Justice and Rule
Legend
Do you find D&D does this with other aspects within the game such as victims of murder, the family of those murdered, victims of theft, victims of arson, victims of betrayal, victims of brainwashing, victims of fire...etc?
Oh for the love of...
Why is it always the same slippery slope? Because there are so many bad things in the world that we cannot distinguish differences between them and thus must somehow ban all bad things. This argument is farcical and unserious: no one wants to ban those things because, in most instances, they come in places that seen as justified. And that's not to say you can't have those elements done badly and anger people because it's not hard, but people are often willing to overlook that stuff on its face with the right justification. Those don't exist for things like slavery and sexual assault.
Similarly, things like slavery and rape often disproportionately effect certain people and thus are more likely to make them specifically feel less welcome. This isn't an instance where anyone can have a phobia, but rather specific groups are going to feel uncomfortable because of these things.

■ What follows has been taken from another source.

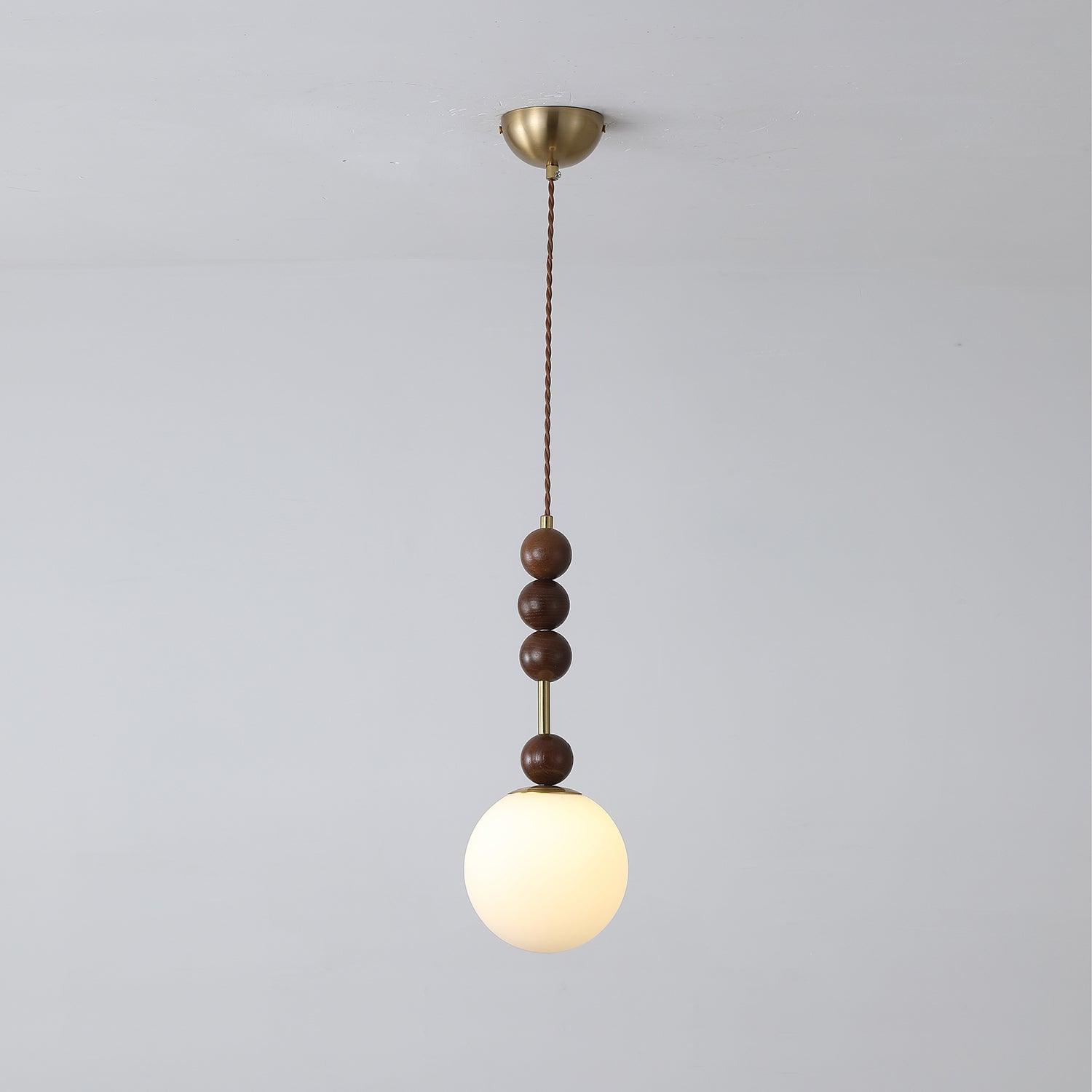 Maru Pendant Light - Blowlighting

Honestly, I feel all you're doing with your individual/culture exceptions, your genre exceptions and now this respect requirement is shifting goal posts with your criticism. I have no interest in discussing this topic within a sea of ever-changing parameters, exceptions and requirements.

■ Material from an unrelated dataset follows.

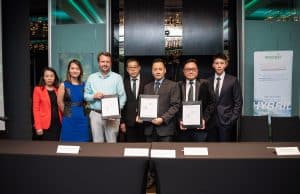 EvoAir bakal disenaraikan di Nasdaq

I thought the pushback against controversial content, specifically slavery, was due to how recently slavery existed within US history and how it may affect black RPGers. This other stuff you're bringing up, to me, is frankly noise.
It's not a shifting goalpost, but part of the actual point: how it affects people of color is because the implementation of these things in a game are often shallow and cheap, being used as a tag for the players to know someone is evil. You're taking a horrifying practice that tore apart entire cultures in the real world and turning it into an optional sidequest. Honestly, in the Dark Sun thread someone pointed out how many times slavery was mentioned in Wizard books, but has any book looked at it as anything other than a side-detail? Because I can't think of any. And that's the point: it cheapens impact of the real thing as it never actually engages with it.
Seriously what are you going on about? I said inspired by a period of humanity's history. No one ever said that every species is a slaver? Also to note many of the D&D worlds have predominantly human populations in comparison to other species or at least are the dominant species (FR, Greyhawk, Mystara...etc) And many non-human species within D&D are or have been slavers. Some feast on intelligent life forms. Others use them for sport.
You're missing her point in your indignance: @Faolyn isn't talking about every species being a slaver, but rather that why should slavery be so widespread and used so often if this is meant to be fantasy, and why is slavery such a thing being consistently carried across as an "inspiration" from history compared to most other things when it's often relegated to being a completely trivial detail ("Oh hey, and smuggler also trades in slaves")?
We often don't carry over other details in history that would require a great deal of explanation: differences in languages, the limits on freedom of movement for people, taxation, etc... all these would almost certainly impact a setting and give flavor more than the current implementation of slavery in 5E, and yet they never get the same sort of defense.
The point is that something as incredibly impactful as slavery needs the same sort of explanation and understanding (if not moreso) and yet never gets it. That's what offends people: it's not part of the setting outside of an easy way to tell you how bad a bad guy is. It's never necessary except as cheap set-dressing. Now, if you make it not that, good on you but that's not what is being criticized here: people can handle such things much more easily in groups they know in a personal setting. And even if they didn't, there's only personal risk in that. It's not a major company meant to appeal to a large part of the audience and trying to be more welcoming to a more diverse audience.